Mona_Jalal · August 24, 2021, 3:37am

I am confused as to why we want to feed an image to a set of stacked resnet blocks versus feeding it to a bunch of convolutional blocks as we do so traditionally?

Also, how should we stack resnet blocks to each other? Is there any code sample or paper that does this?

I drew this diagram for illustration:

ptrblck · August 24, 2021, 4:15am

Wouldn’t this be the classical ResNet architecture as seen e.g. here?
Depending on the flavor of the ResNet you could be using Bottleneck or BasicBlock as part of the “ResNet Blocks”.

Mona_Jalal · August 24, 2021, 4:17am

I am actually not sure what is meant by “ResNet block” here.

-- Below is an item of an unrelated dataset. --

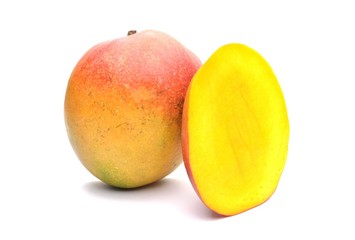 Mango fruit isolated on white background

ptrblck · August 24, 2021, 4:19am

If this model is taken from another research paper, I would expect a definition of the “ResNet Block”, but my best guess would be e.g.:

model = models.resnet18()
print(model.layer1)
> Sequential(
  (0): BasicBlock(
    (conv1): Conv2d(64, 64, kernel_size=(3, 3), stride=(1, 1), padding=(1, 1), bias=False)
    (bn1): BatchNorm2d(64, eps=1e-05, momentum=0.1, affine=True, track_running_stats=True)
    (relu): ReLU(inplace=True)
    (conv2): Conv2d(64, 64, kernel_size=(3, 3), stride=(1, 1), padding=(1, 1), bias=False)
    (bn2): BatchNorm2d(64, eps=1e-05, momentum=0.1, affine=True, track_running_stats=True)
  )
  (1): BasicBlock(
    (conv1): Conv2d(64, 64, kernel_size=(3, 3), stride=(1, 1), padding=(1, 1), bias=False)
    (bn1): BatchNorm2d(64, eps=1e-05, momentum=0.1, affine=True, track_running_stats=True)
    (relu): ReLU(inplace=True)
    (conv2): Conv2d(64, 64, kernel_size=(3, 3), stride=(1, 1), padding=(1, 1), bias=False)
    (bn2): BatchNorm2d(64, eps=1e-05, momentum=0.1, affine=True, track_running_stats=True)
  )
)

Mona_Jalal · August 24, 2021, 4:21am

Thanks a lot for your response. Just checking if is this your definition of “ResNet block” as well?

https://d2l.ai/chapter_convolutional-modern/resnet.html

ptrblck · August 24, 2021, 4:25am

The figure would represent the BasicBlock.